Frente al pórtico del Salón Rico, hacia el sur, se extiende el Jardín Alto, cerrado por una muralla en tres de sus lados, salvo en el norte; al oeste, el Jardín Bajo; y al este, la Mezquita Aljama que, como es natural, respondía al modelo canónico: patio, sala de oración con cinco naves paralelas entre sí y perpendiculares a la Quibla, y alminar. Hacia el sur, y separada del conjunto que delimita el Jardín Alto estaría la medina de la que apenas se sabe nada en la actualidad.
Impaciente por tomar posesión de su nueva ciudad, Abd al-Rahman III se instaló en el alcázar pocos años después de que comenzaran las obras. Medina Azahara se convirtió enseguida en el centro de gravedad no sólo de la vida política, económica y militar de Al-Andalus, sino también de toda la actividad artística y cultural de la corte omeya. Y es que, la asombrosa belleza de sus columnas, mosaicos y celosías, estaba impregnada de toda la espiritualidad que habían encerrado sus muros a través de los siglos. Sólo la más exquisita sensibilidad pudo crear tal cúmulo de hermosura y sólo el alma humana, una vez sumergida en el bosque sagrado de su interior, pudo conocer el misterio que encerraba, la increíble beldad que transitaba, como una brisa sosegada, por entre las columnas que sostenían esta valiosísima joya que representaba el más alto esplendor de Al-Andalus.

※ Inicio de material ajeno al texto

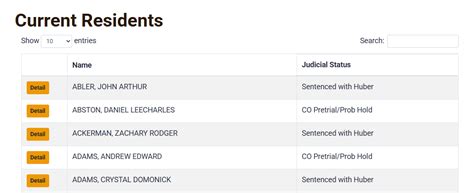 Madison County Jail Reforms: A Call for Transparency and Accountability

Pero aquel esplendor, aquella suntuosidad arquitectónica, su extraordinaria riqueza ornamental, se vendrían abajo setenta años después de que Abd al-Rahman III levantara los primeros muros. La muerte de al-Hakam II, primero; el desafecto de Al Mansur (Almanzor), que no dudó en emular al primer califa fundando Madinat al-Zahira después, y definitivamente la guerra civil que acabaría con el Califato, así como los saqueos, enfrentamientos e incendios derribaron para siempre aquel sueño, destrozando la ciudad más bella de Occidente.
Lo que hoy se contempla no es sino un yacimiento arqueológico, los signos irreparables de la destrucción y el expolio sistemático de que fue objeto la ciudad de las blancas murallas a principios del siglo XI. Los siglos transcurridos desde entonces han ido añadiéndole a estas ruinas una pátina de sombras que con el tiempo confunde la memoria. Convencidos tal vez, como Ricardo Molina, de que Medina Azahara “vive en fiel estación de melancolía”, quienes se ocupan de su reconstrucción han empeñado su esfuerzo y su imaginación en rescatar aquel sueño del olvido.